As mom who runs her own business(es,) I was looking forward to a segment on Mompreneurs on the local CBC radio station yesterday. Unfortunately, they just showcased one lady’s business and missed the bigger picture. (I know the producer reads my blog occasionally, so yes! I think you should do a follow up.)
Mompreneurs, or moms starting their own businesses so they can work from home is more than one or two cases of ladies selling jewelry or clothes on Etsy. It’s a social movement, with big economic and demographic drivers behind it.
Let me out my Business Professer hat on. (Yes, that’s really one of my other jobs. This is not a figurative hat.)
Firstly, a lot of parents my age grew up as latch key kids. Our parents the Baby Boomers were the first generation to have the majority of women working outside the home (go Boomers!) but the side effect was that most of us didn’t have a parent stay at home for the majority of our childhoods. Demographically speaking, Baby Boomers were driven by career achievement and often viewed their success in their parenting years as holding down a job, advancing in that job while raising children and financial stability (remember, their parents had lived through depressions,) as key success factors.
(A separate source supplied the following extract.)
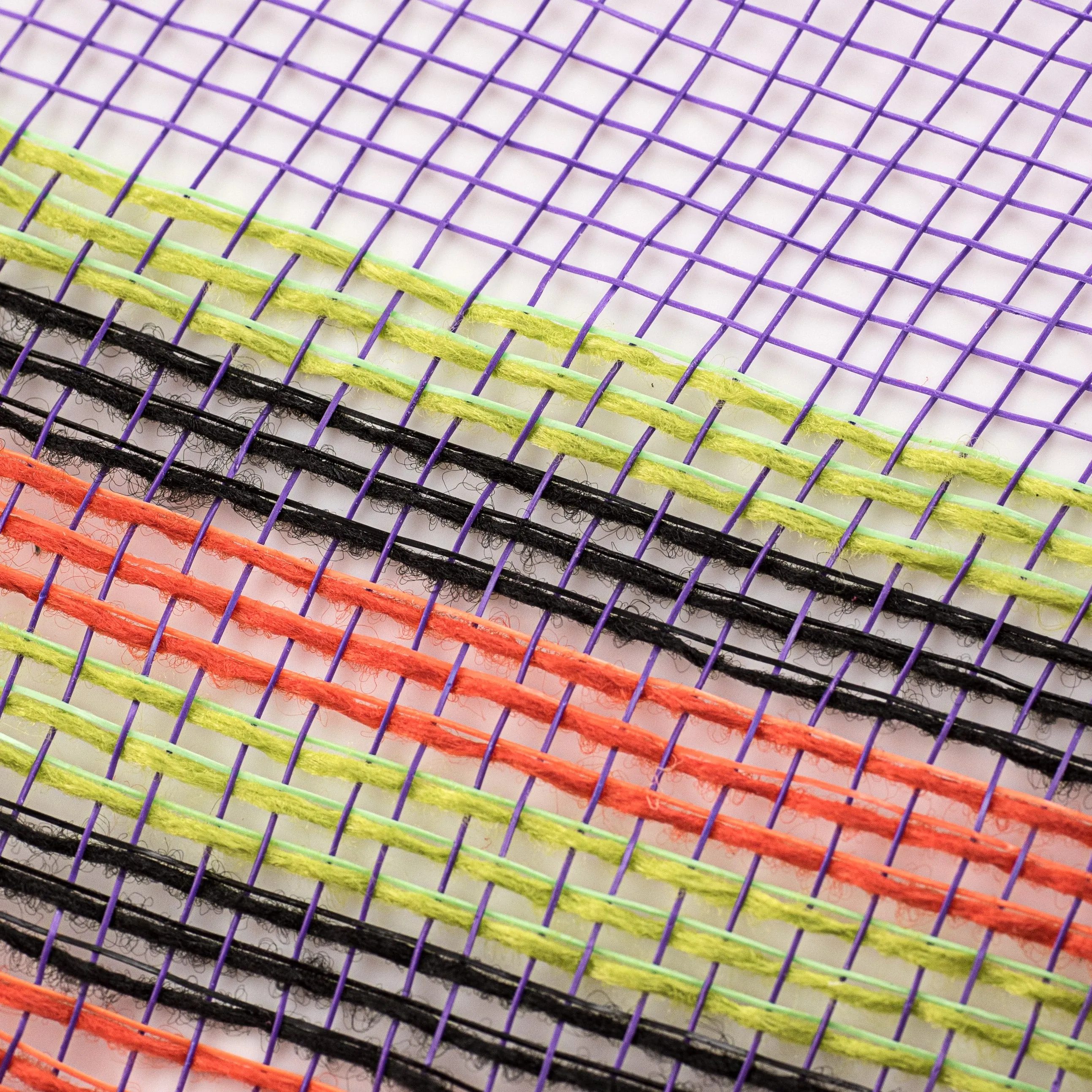 10" Border Stripe Mesh: Purple, Orange, Black, Fresh Green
Each generation tends to swing the pendulum. In my generation, we already saw our moms (and in my case, grandmothers) working and had those role models. We started our careers first and started having kids when our jobs were in full swing. As a new mom in my early thirties, I’m pretty par for the course. I had already been a tenured professor for five years, and didn’t have much to prove, career wise.
So how does my generation of Baby Boomer kids define success during our own parenting years? Well, the pendulum swings back,and I think we’ve refocused on family life. The attachment parenting philosophies (started in the 70s, thanks hippy parents!) have taken root, along with a comfort level with ourselves as already established professionals.
So for the first time in over a hundred years, you see more of one parent staying at home than the previous generation. I’m not making this stuff up, by the way. Look it up if you think I’m full of phooey.
But then the financial realities hit. (Again, look it up if you think I’m full of it.) Our generation has way less disposable income between two parents than our parents did. Some of the key factors are the history of real estate inflation and the flatlining of salaries relative to disposable income costs. In other words, my generation doesn’t make as much money (in context) as our parents did. Yikes! And we want one parent to stay home?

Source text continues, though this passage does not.